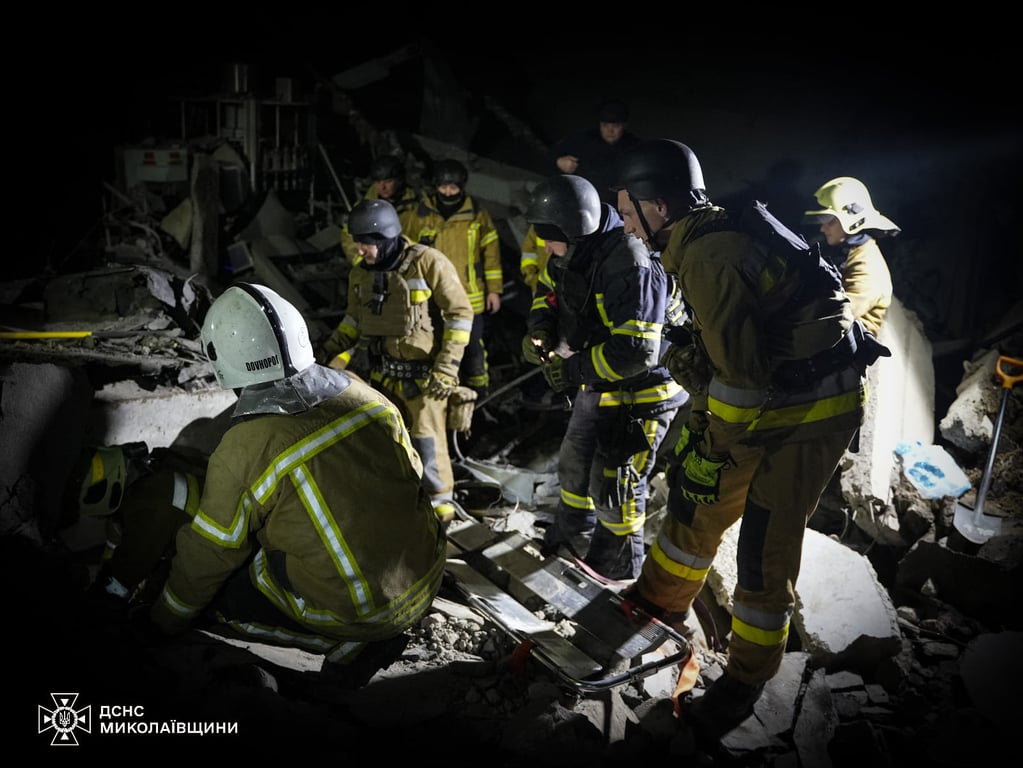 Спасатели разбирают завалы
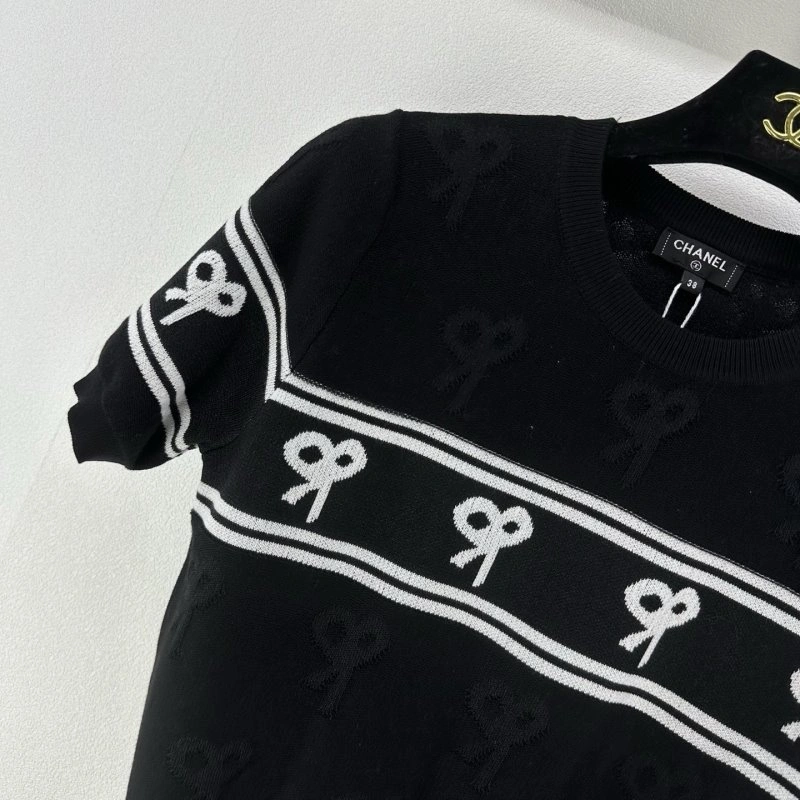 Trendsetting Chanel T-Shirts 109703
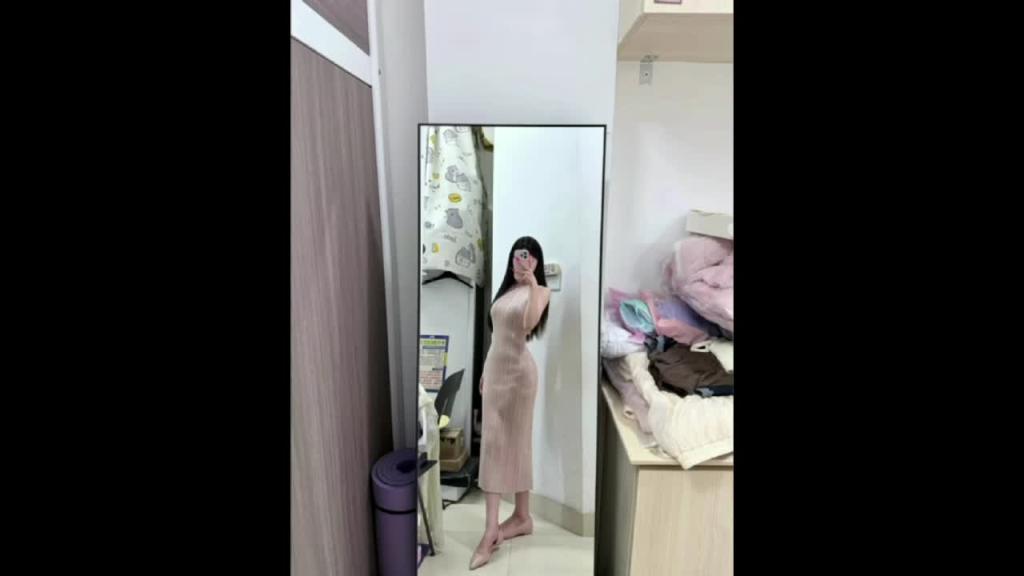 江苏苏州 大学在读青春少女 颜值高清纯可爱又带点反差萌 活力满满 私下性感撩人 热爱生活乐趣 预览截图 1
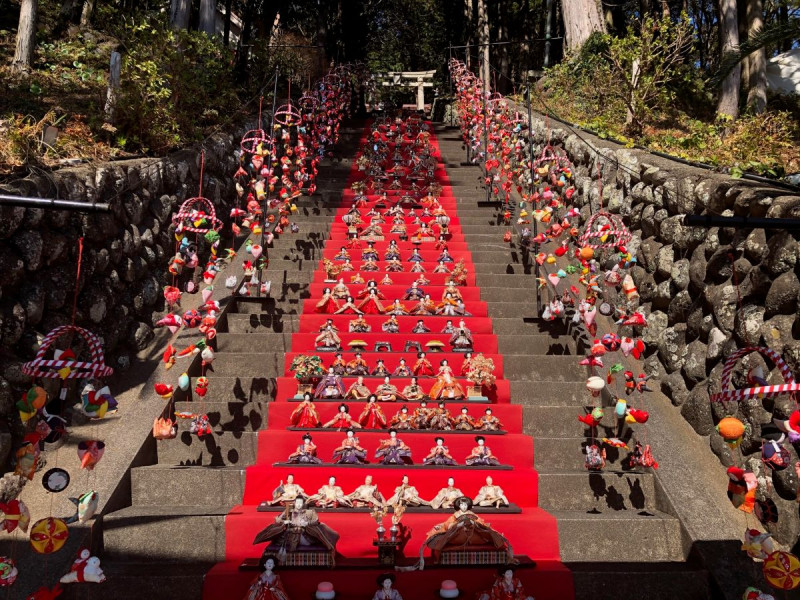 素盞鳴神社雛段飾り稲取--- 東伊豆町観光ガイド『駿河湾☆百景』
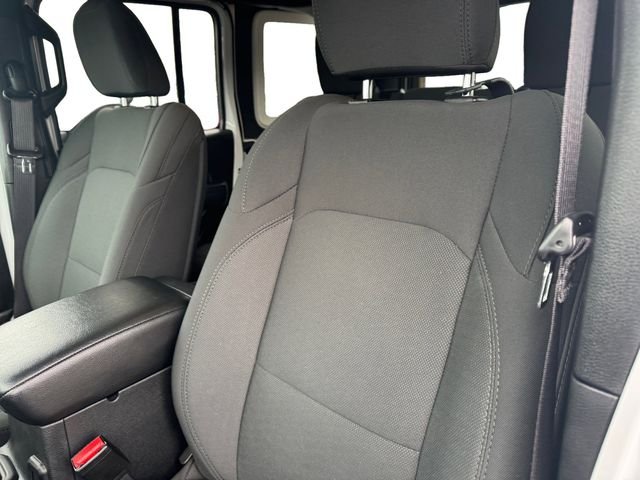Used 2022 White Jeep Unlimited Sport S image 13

...

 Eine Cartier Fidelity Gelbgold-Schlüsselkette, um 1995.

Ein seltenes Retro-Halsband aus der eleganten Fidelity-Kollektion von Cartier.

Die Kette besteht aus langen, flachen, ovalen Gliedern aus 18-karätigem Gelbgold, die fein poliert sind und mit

* **TASK TO CARRY OUT**
Among the entries above, locate the line with "Спасатели разбирают завалы" and the line with "Used 2022 White". Give those two lines and all lines between them again, exactly, leaving out the pictures.

* **ANSWER BOX**
 Спасатели разбирают завалы
 Trendsetting Chanel T-Shirts 109703
 江苏苏州 大学在读青春少女 颜值高清纯可爱又带点反差萌 活力满满 私下性感撩人 热爱生活乐趣 预览截图 1
 素盞鳴神社雛段飾り稲取--- 東伊豆町観光ガイド『駿河湾☆百景』
Used 2022 White Jeep Unlimited Sport S image 13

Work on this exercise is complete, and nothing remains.